Bindner, Donald, author.

Mathematics for the liberal arts / Donald Bindner, Department of Mathematics and Computer Science, Truman State University, Kirksville, MO, Martin J. Erickson, Department of Mathematics and Computer Science, Truman State University, Kirksville, MO, Joe Hemmeter, Farmington, MI.

pages cm

Includes bibliographical references and index.

ISBN 978-1-118-35291-5 (hardback)

1. Mathematics—History—Textbooks. I. Erickson, Martin J., 1963–author. II. Hemmeter, Joe, 1950–author. III. Title.

QA21.B56 2013

510.9—dc23

2012023745

To Linda, Christine, and Debbie

PREFACE

This book is an introduction to mathematics history and mathematical concepts for liberal arts students. Students majoring in all fields can understand and appreciate mathematics, and exposure to mathematics can enhance and invigorate students’ thinking.

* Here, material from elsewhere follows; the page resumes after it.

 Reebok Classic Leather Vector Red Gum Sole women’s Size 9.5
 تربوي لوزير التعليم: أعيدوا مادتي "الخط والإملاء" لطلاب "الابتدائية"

The book can be used as the basis for introductory courses on mathematical thinking. These courses may have titles such as “Introduction to Mathematical Thinking.” We describe the history of mathematical discoveries in the context of the unfolding story of human thought. We explain why mathematical principles are true and how the mathematics works. The emphasis is on learning about mathematical ideas and applying mathematics to real-world settings. Summaries of historical background and mini-biographies of mathematicians are interspersed throughout the mathematical discussions.

What mathematical knowledge should students have to read this book? An understanding of basic arithmetic, algebra, and geometry is necessary. This material is often taught in high school or beginning college-level courses. Beyond this background, the book is self-contained. Students should be willing to read the text and work through the examples and exercises. In mathematics, the best way (perhaps the only way) to learn is by doing.

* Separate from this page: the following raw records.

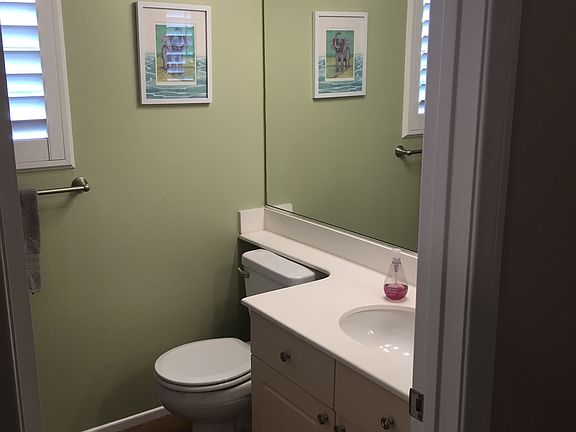 3rd image of 9753 Stonecrest Blvd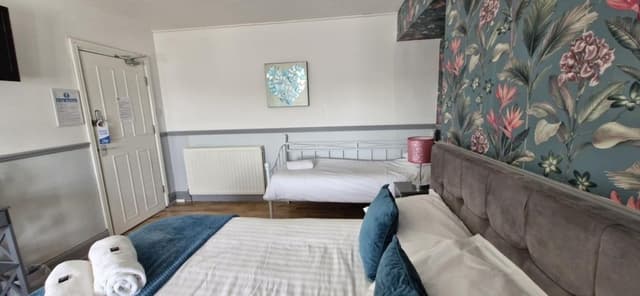 Double Room (Room 10)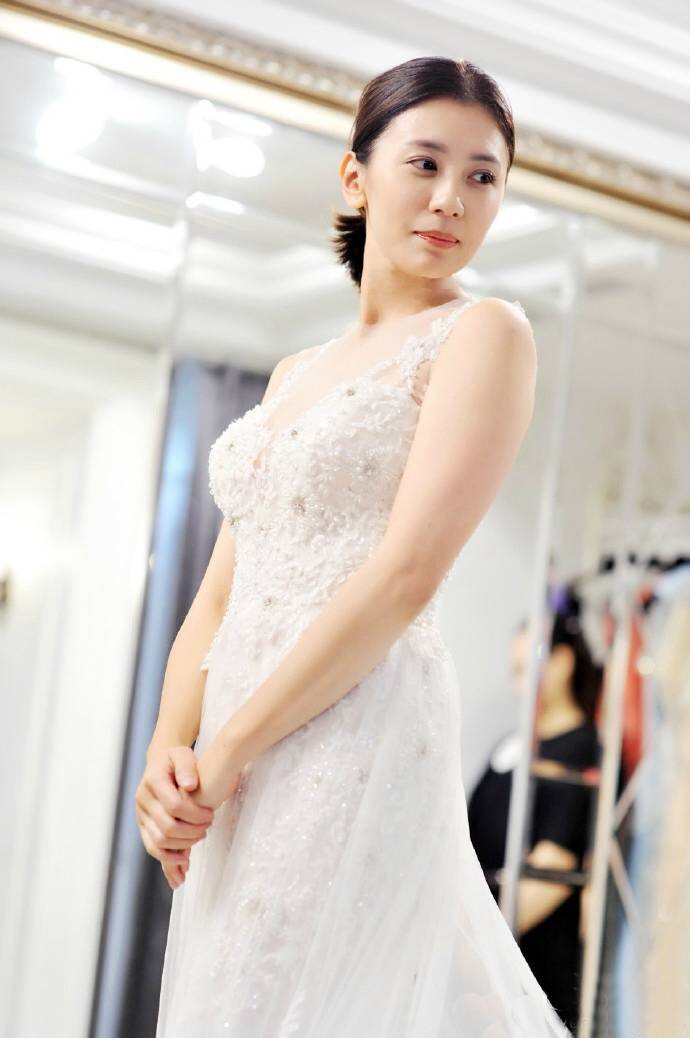 贾静雯女神范靓丽写真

Part I, comprising the first three chapters, gives an overview of the history of mathematics. We start with mathematics of the ancient world, move on to the Middle Ages, and then discuss the Renaissance and some of the developments of modem mathematics. Part II gives detailed coverage of two major areas of mathematics: calculus and number theory. These areas loom large in the world of mathematics, and they have many applications. The text is rounded out by appendices giving solutions to selected exercises and recommendations for further reading.

A variety of courses can be constructed from the text, depending on the aims of the instructor and the needs of the students. A one-semester course would likely focus on selected chapters, while a two-semester course sequence could cover all five chapters.

We hope that by working through the book, readers will attain a deeper appreciation of mathematics and a greater facility for using mathematics.

Thanks to the people who gave us valuable feedback about our writing: Linda Bindner, Robert Dobrow, Suren Fernando, David Garth, Amy Hemmeter, Mary Hemmeter, Daniel Jordan, Kenneth Price, Phil Ryan, Frank Sottile, Anthony Vazzana, and Dana Vazzana.

Thanks also to the Wiley staff for their assistance in publishing our book: Liz Belmont, Sari Friedman, Danielle LaCourciere, Jacqueline Palmieri, Susanne Steitz-Filler, and Stephen Quigley.

PART I

MATHEMATICS IN HISTORY

CHAPTER 1

THE ANCIENT ROOTS OF MATHEMATICS

Mathematics—the unshaken Foundation of Sciences, and the plentiful Fountain of Advantage to human affairs.

Isaac Barrow (1630-1677)

1.1 Introduction

Mathematics is a human enterprise, which means that it is part of history. It has been shaped by that history, and in turn has helped to shape it. In this chapter we will trace these connections.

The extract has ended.